Thrombopoietin Receptor Signaling Promotes the Competitive Advantage of TET2-Mutated Hematopoietic Stem and Progenitor Cells in Clonal Hematopoiesis

Clonal Hematopoiesis of Indeterminate Potential (CHIP) is an age-related condition that predisposes individuals to blood cancers. The time interval from acquisition of CHIP to overt neoplasia can span many years, providing an opportunity to delay or prevent malignant transformation. A key to achieving this goal is identifying differential dependencies between mutant and normal hematopoietic stem and progenitor cells (HSPCs). Targeting such dependencies may prevent against CHIP-related health risks.

One of the most commonly mutated genes in CHIP is TET2, which encodes a methylcytosine dioxygenase. In mouse models, Tet2 knockout (KO) HSPCs have a competitive advantage over wild-type (WT) HSPCs. In this study, we aimed to identify differential dependencies between Tet2^KO and Tet2^WT HSPCs. We first generated isogenic murine cell lines by overexpressing HOXB4, a transcription factor involved in self-renewal, in HSPCs derived from a Tet2^KO mouse and Tet2^WT littermate. Using the isogenic cell lines termed HPC^HOXB4, we conducted an epigenetic drug screen and found SGC0946, a selective inhibitor of H3K79 methyltransferase DOT1L, reduced the advantage of Tet2^KO HPC^HOXB4 cells in competition assays by preferentially reducing their proliferation and viability. SGC0946 also reduced the competitive advantage of unmodified Tet2^KO HSPCs in competition assays, indicating that the dependency was not a consequence of HOXB4 overexpression.

To decipher the mechanism behind this differential dependency, we performed RNA-seq and ChIP-seq for H3K79me2 on Tet2^KO and Tet2^WT HPC^HOXB4 cells at baseline and after treatment with SGC0946. Expression of Mpl, which encodes the thrombopoietin receptor TPOR, was 20-fold higher in Tet2^KO HPC^HOXB4 than in Tet2^WT cells at baseline and decreased after drug treatment. Mpl expression at the mRNA and protein level was also elevated in unmodified Tet2^KO HSPCs compared with Tet2^WT cells. Importantly, ChIP-seq analysis revealed that the level of H3K79me2 which associates with active transcription at the Mpl gene locus was higher in Tet2^KO than in Tet2^WT HPC^HOXB4 cells at baseline, a difference that was erased with SGC0946 treatment.

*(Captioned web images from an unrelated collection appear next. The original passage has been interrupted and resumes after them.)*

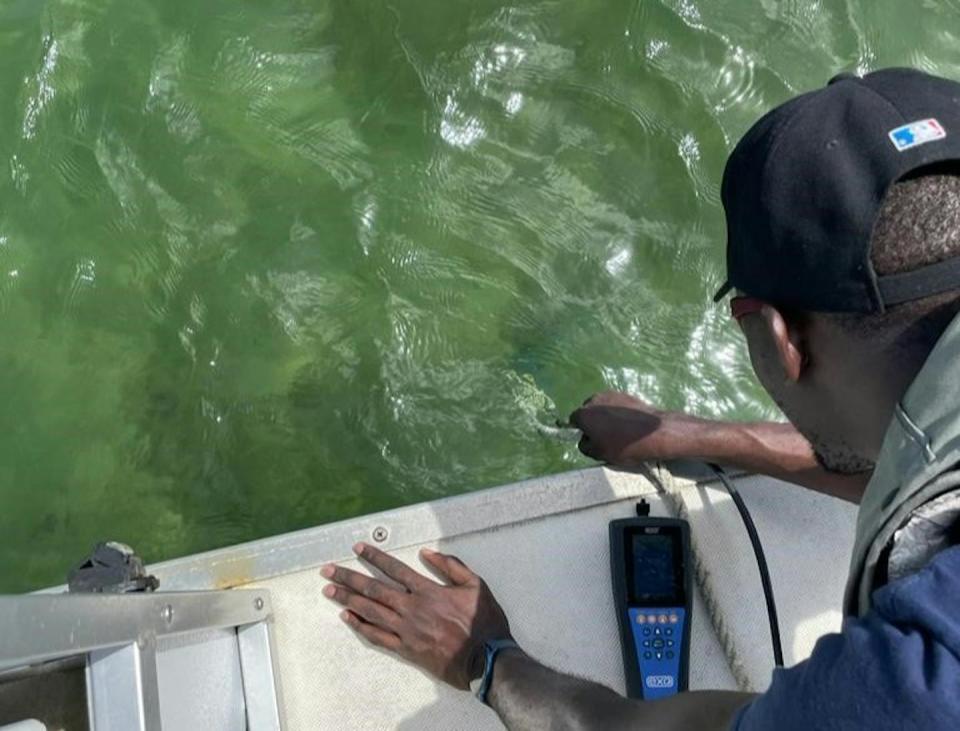 A man leans over the edge of a boat holding a rope attached to sampling devices in the water below.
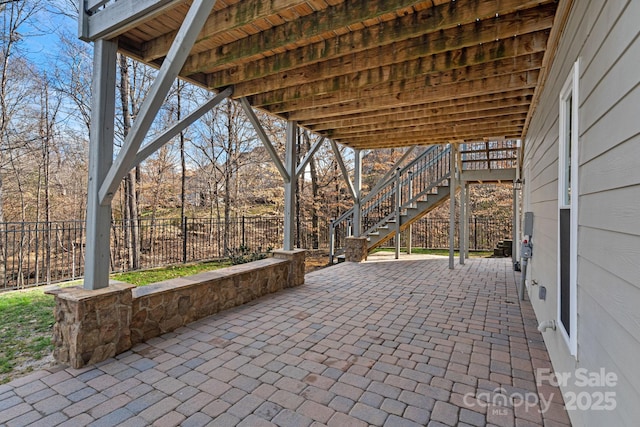 view of patio featuring stairway and fence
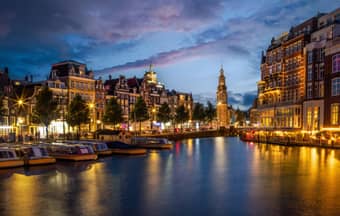 Glide through Amsterdam’s canals, admiring colourful houses and historic bridges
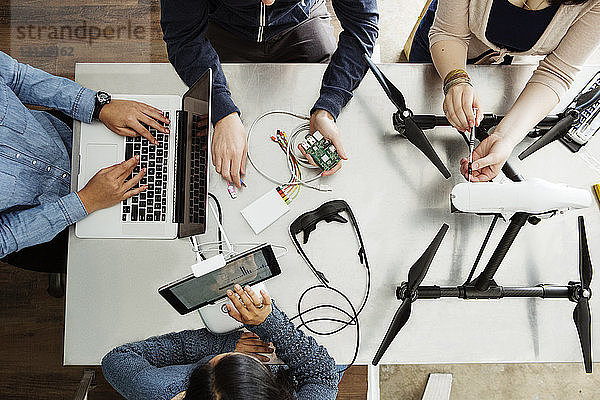 Draufsicht auf Schüler  die an elektrischen Geräten am Tisch im Klassenzimmer arbeiten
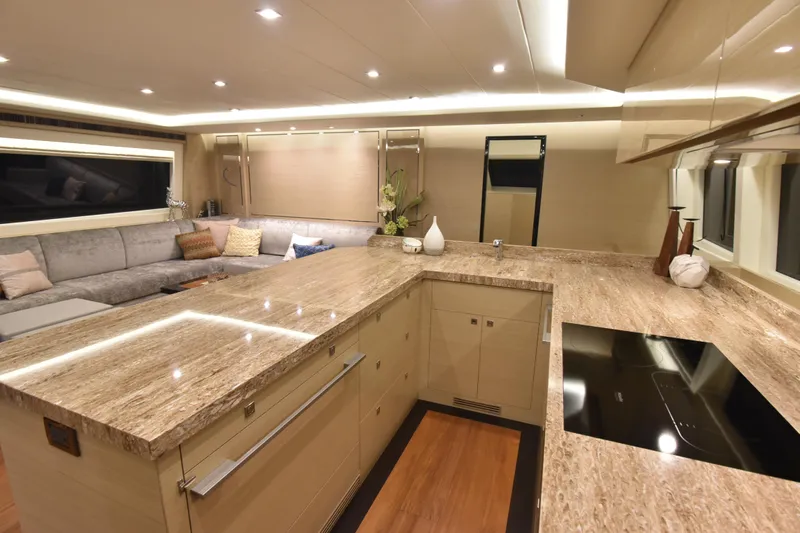 Hideout Yacht Photos Pics Luxurious yacht interior with modern kitchen and cozy seating, Horizon PC65, 2022 model.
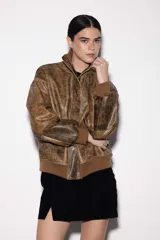 Chaqueta bomber de cuero color marrón con efecto vintage, cuello alto, cierre frontal con cremallera y bolsillos laterales. Puños y cintura de punto acanalado color marrón. Talle único.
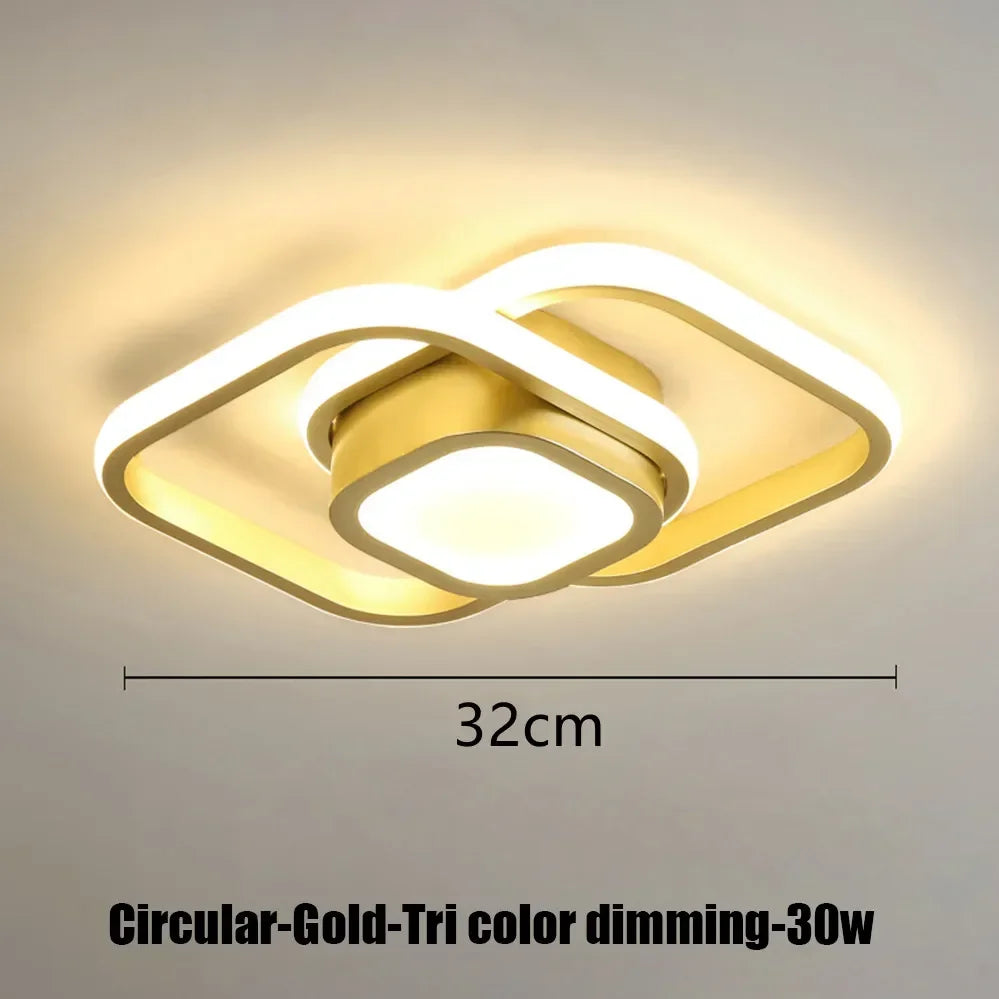 A modern circular gold LED ceiling light fixture with a diffused glow.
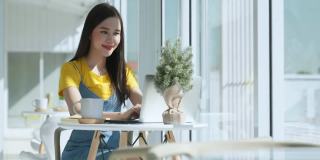 年轻有吸引力的亚洲女性穿着休闲的衣服，手使用智能手机和笔记本电脑设备交流社交在咖啡馆餐厅坐在柜台旁边的大窗户日光
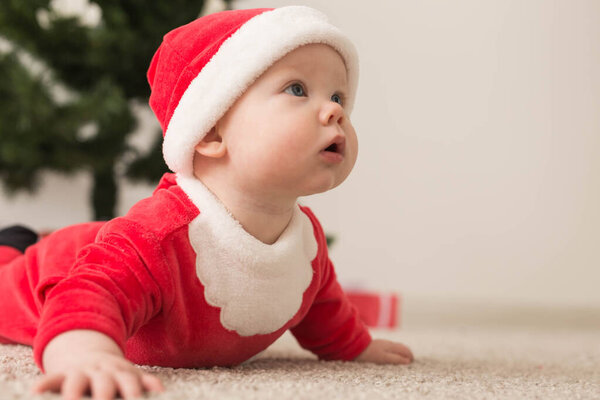 Милая малышка в костюме Санта Клауса ползает по полу над елкой. Праздничный сезон
.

Based on the above findings, we hypothesized that Tet2^KO HSPCs are more dependent on TPOR signaling than Tet2^WT cells. Consistent with our hypothesis, a higher concentration of TPO in the culture medium increased the competitive advantage of Tet2^KO HPC^HOXB4 cells. Moreover, overexpression of Mpl in Tet2^KO HPC^HOXB4 cells rescued the effects of DOT1L inhibition, and shRNA-mediated suppression of Mpl expression was sufficient to decrease the competitive advantage of Tet2^KO HPC^HOXB4 cells and unmodified Tet2^KO HSPCs over their corresponding Tet2^WT counterparts.

To explore the translational relevance of our findings, we tested if inhibition of JAK2, a critical mediator of TPOR intracellular signaling, would also reduce the competitive advantage of Tet2^KO HSPCs. In line with our hypothesis, treatment with JAK2 inhibitors (fedratinib and AZ960), but not JAK1 inhibitors, suppressed the competitive advantage of Tet2^KO HPC^HOXB4 cells in vitro. Importantly, competitive repopulation studies showed that treatment with ruxolitinib, a clinically approved JAK1/2 inhibitor, also reduced the competitive advantage of untransformed Tet2^KO HSPCs in vivo.

To determine if our findings apply to humans, we generated two TET2^KO cell pools from cord blood HSPCs using CRISPR/Cas9. The TET2^KO cells expressed higher levels of TPOR and were more sensitive to treatment with SGC0946 and ruxolitinib compared with control cells. In addition, we expanded HSPCs from TET2-mutated mobilized peripheral blood samples in short-term cultures and monitored the size of the mutant clones by measuring the allele frequency of the sample-specific TET2 variants. In untreated cultures, the relative size of the mutant clones increased over time, an effect that was diminished by treatment with either SGC0946 or ruxolitinib.

In summary, our findings demonstrate that TET2-mutated HSPCs are more dependent on TPOR signaling than TET2^WT HSPCs. This differential dependency is mediated through increased H3K79 methylation at the MPL gene locus and enhanced expression of MPL. Furthermore, inhibition of the TPOR/JAK2 signaling axis is effective in suppressing the competitive advantage of TET2-mutated HSPCs, thus identifying a tractable therapeutic target for TET2-mutated CHIP.

No relevant conflicts of interest to declare.